You can make it if you click on the record.
1974
I DON'T KNOW IF I CAN MAKE IT * DAWSON SMITH * SCEPTER 12400 * USA
Dawson Smith sounds like a Country & Western singers name, but this cat is as Funky as they come (click on the record to hear) but what he's singing about could easily be found in Country & Western or any form of quality Popular music: the economy, and how it is controlled by financial and political elites that always seem to keep the vast majority of people in (relative) penury.
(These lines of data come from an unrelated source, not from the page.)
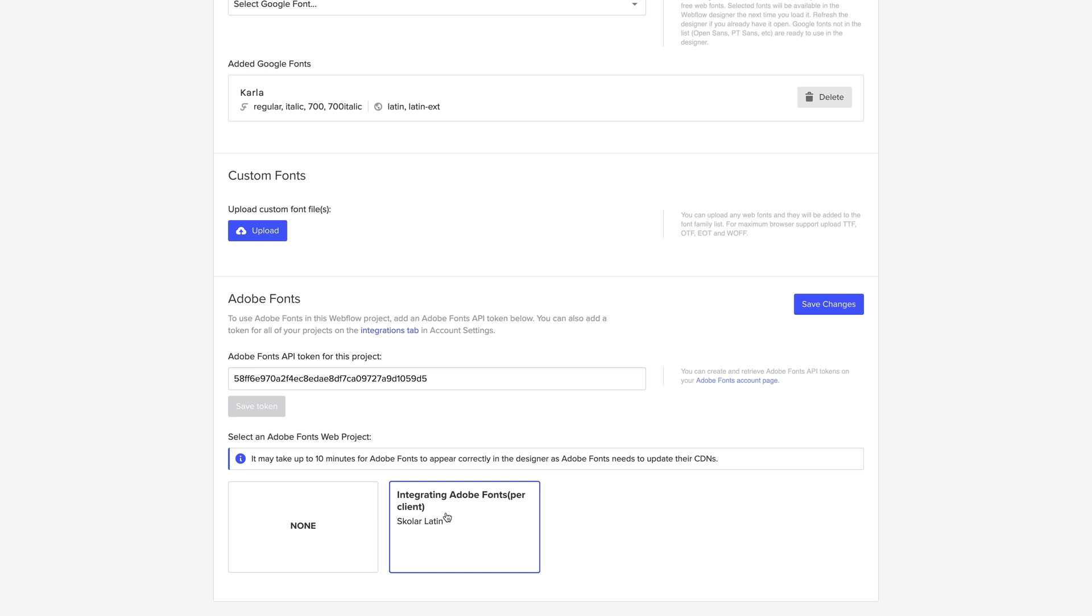So let's select it. This way we can start using it for our current project. And save.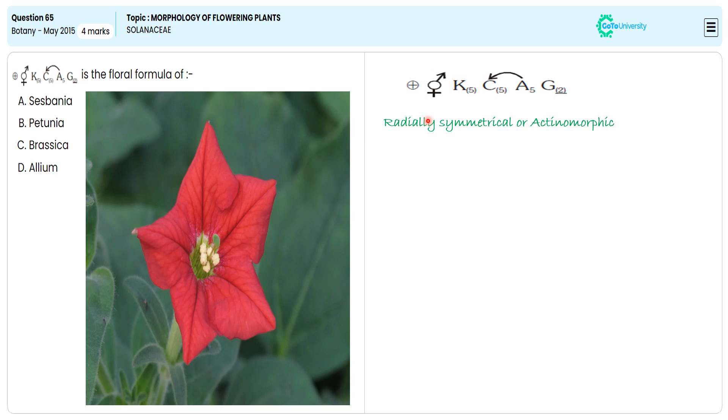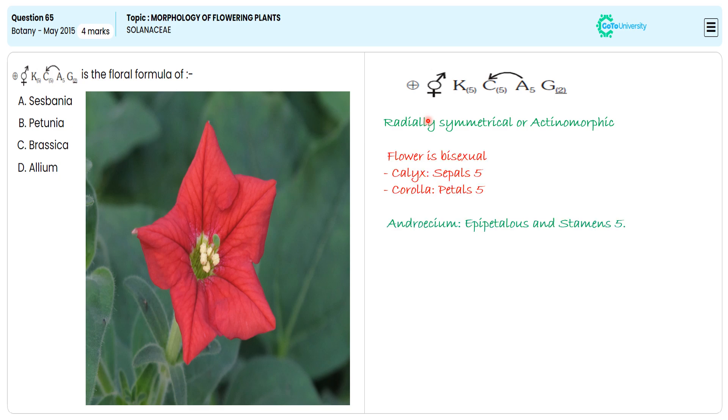Capital A indicates the androecium, which is epipetalous in nature. This is because the stamens of the androecium are attached to the petals of the corolla.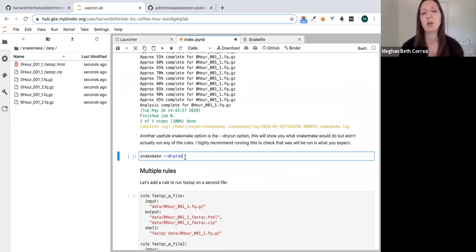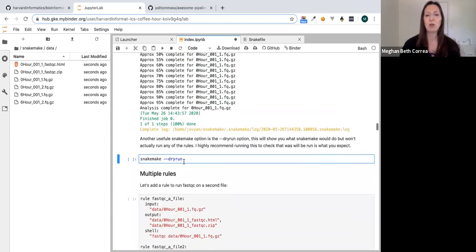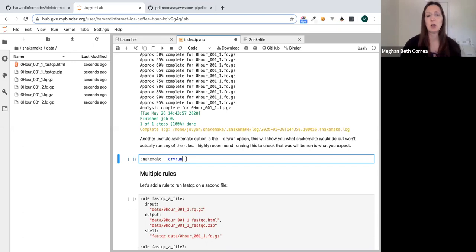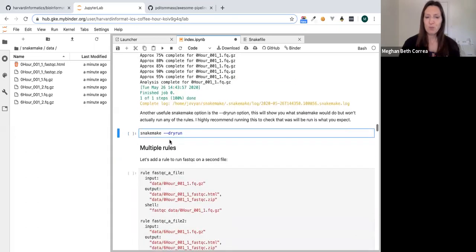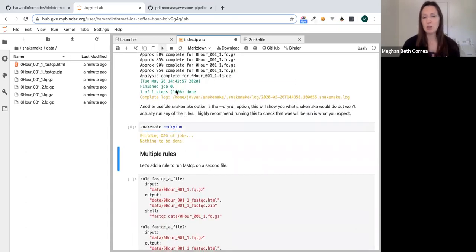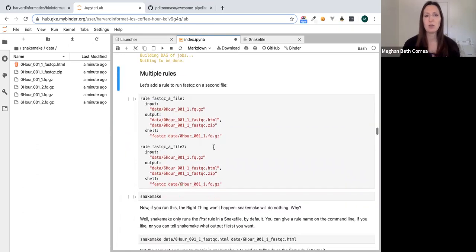One really useful option is the dry run option. When you run Snakemake in dry run mode, it shows you what it plans to do but won't actually execute any rules. This is very helpful when you have many steps and want to confirm what's about to run — especially since Snakemake pays attention to completed steps and file modification dates. If we run dry run now, we'll see there's nothing to be done.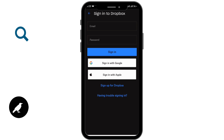By following these simple steps you can log into the Dropbox mobile app. Hope this video was helpful. Don't forget to like, comment, share, and subscribe to our channel for more videos like this. Thanks for watching.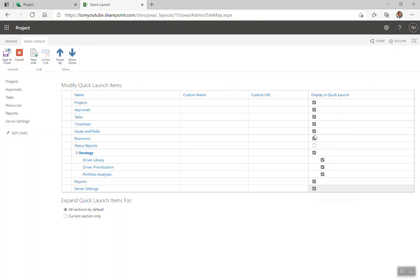Issues and risks. This allows the end users to see any issues or risks in the projects that have been assigned to them. That would be done in the project site. You can see we did that in the project site templates earlier. At this point in our video series, we have a project site with issues and risks that we can assign to people. So you might want to allow them to go to one central place to see all their issues and risks.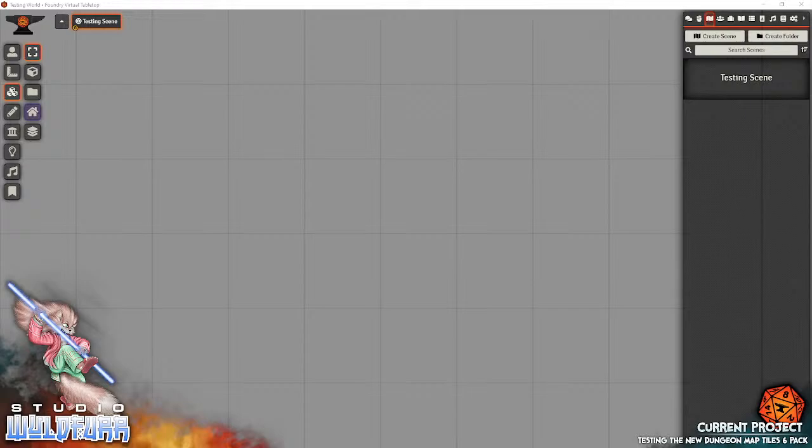Hello everyone, it's Tails from Studio World4 here. I thought I would take a moment and show you the work that I've done on the new dungeon map tile 6 package that I've been creating artwork for.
Occasionally these money men and their running dogs: the politicians, mess up big time. In the last half century the economy in the UK has experienced these troubled economic times. Firstly with Leonard James Callaghan, aka 'Jim' Callaghan, who, as Chancellor of the Exchequer of Labour government from 1964 to 1967, failed to master a balance of payments deficit resulting in the devaluation of the pound sterling. Despite this catastrophic failure he was not sacked, and like 99% of failed public sector workers, was given another top job as Home Sectary! But this wasn't to be the last the British public would have to endure the incompetent 'Sunny Jim' as Home Sectary he took responsibility for renegotiating the terms of Britain's membership of the EUSSR or Common Market as it was generally known back then, that the great white traitorous slug: the 'Conservative' Prime Minister Edward 'Ted' Heath, who also brought in another weapon in the armory of global money men: decimalization. 'Big Jim's' final act in power, (by now the failure had become Prime Minister!) was the 'Winter of Discontent', leaving the country bankrupt and known as 'The sick man of Europe, which prompted the leader of the incoming Conservative government, Margaret Thatcher, to say "The problem with socialism is that eventually you run out of other people's money". A truism that was especially apt of the previous New Labour administration under Blair and the unbelievably incompetent Gorgon Brown that over a period of thirteen years not only sold off the British gold reserves at a discount but after spending all the money in the treasury went on an electioneering spend fest, an economic scorched earth policy, by conjuring up money from the 'magic money tree' (quantitative easing); and who's chief secretary of the Treasury, the smug faced Liam Byrne, left a note on his desk for his successor which said "there's no money left".